Michael Benedikt – Semantic, Access and Data

Jeudi 19 février de 14h00 à 15h30

Auditorium IRCICA, parc scientifique de la Haute Borne à Villeneuve d’Ascq

√ Abstract:
Several distinct research areas related to data management and the web deal with answering an information need by making use of semantic information about the data. Examples include the Semantic Web, data integration, and semantics-based optimization modules for commercial database systems. This talk describes work on creating a unified platform for answering queries that subsumes all of these problems.  The vision is to support distributed datasources connected by integrity constraints, supporting a wide variety of access models, cost models, data models, constraint languages, and query languages. We will describe a step towards this goal, embodied in the PDQ (Proof-driven querying) system at Oxford. PDQ supports a rich language for constraints and queries, along with the ability to describe several kinds of interfaces for data access.  It extends traditional cost-based query optimization to the setting of constraints, and provides an architecture that allows one to « plug in » different reasoning systems to answer queries.
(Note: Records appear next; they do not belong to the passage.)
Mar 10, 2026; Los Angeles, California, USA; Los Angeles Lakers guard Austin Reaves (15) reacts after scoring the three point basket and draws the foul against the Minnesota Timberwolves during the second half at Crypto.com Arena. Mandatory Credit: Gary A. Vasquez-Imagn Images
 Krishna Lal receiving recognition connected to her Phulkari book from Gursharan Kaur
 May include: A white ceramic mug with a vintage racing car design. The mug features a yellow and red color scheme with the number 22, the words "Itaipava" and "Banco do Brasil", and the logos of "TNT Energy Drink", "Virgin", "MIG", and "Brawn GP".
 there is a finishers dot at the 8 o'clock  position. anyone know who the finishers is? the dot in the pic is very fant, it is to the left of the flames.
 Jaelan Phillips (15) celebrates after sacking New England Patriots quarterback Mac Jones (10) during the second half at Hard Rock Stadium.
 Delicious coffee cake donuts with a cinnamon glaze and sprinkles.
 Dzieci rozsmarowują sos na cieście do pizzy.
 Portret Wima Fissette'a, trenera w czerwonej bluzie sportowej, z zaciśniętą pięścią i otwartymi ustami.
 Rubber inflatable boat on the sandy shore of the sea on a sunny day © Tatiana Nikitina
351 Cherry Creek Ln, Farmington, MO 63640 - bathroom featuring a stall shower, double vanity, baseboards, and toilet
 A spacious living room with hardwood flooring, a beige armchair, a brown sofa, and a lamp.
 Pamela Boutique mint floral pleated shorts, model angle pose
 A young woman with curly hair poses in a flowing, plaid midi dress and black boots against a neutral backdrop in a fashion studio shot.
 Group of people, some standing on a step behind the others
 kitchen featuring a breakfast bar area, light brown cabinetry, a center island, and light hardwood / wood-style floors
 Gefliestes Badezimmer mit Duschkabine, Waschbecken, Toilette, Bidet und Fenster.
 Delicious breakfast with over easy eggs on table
The talk will give a quick look at the system in action, a bit of the underlying theory. It also discuss where we stand in trying to fit together reasoning about data, cost-based query optimization, and modeling of interfaces and access.
This includes work with Balder ten Cate, Julien Leblay, Efi Tsamoura, and Michael Vanden Boom.

 

 √ Bio:

Michael Benedikt is a professor at Oxford University’s computer science department, and a fellow of University College Oxford. He came to Oxford after a decade in US industrial research laboratories, including a position as Distinguished Member of Technical Staff at Bell Laboratories. He has worked extensively in mathematical logic, finite model theory, verification, database theory, and database systems, and has served as chair of the ACM’s main database theory conference, Principles of Database Systems. The current focus of his research is Web data management, with recent projects including querying of the deep Web, querying and integration of annotated data, and querying of web services.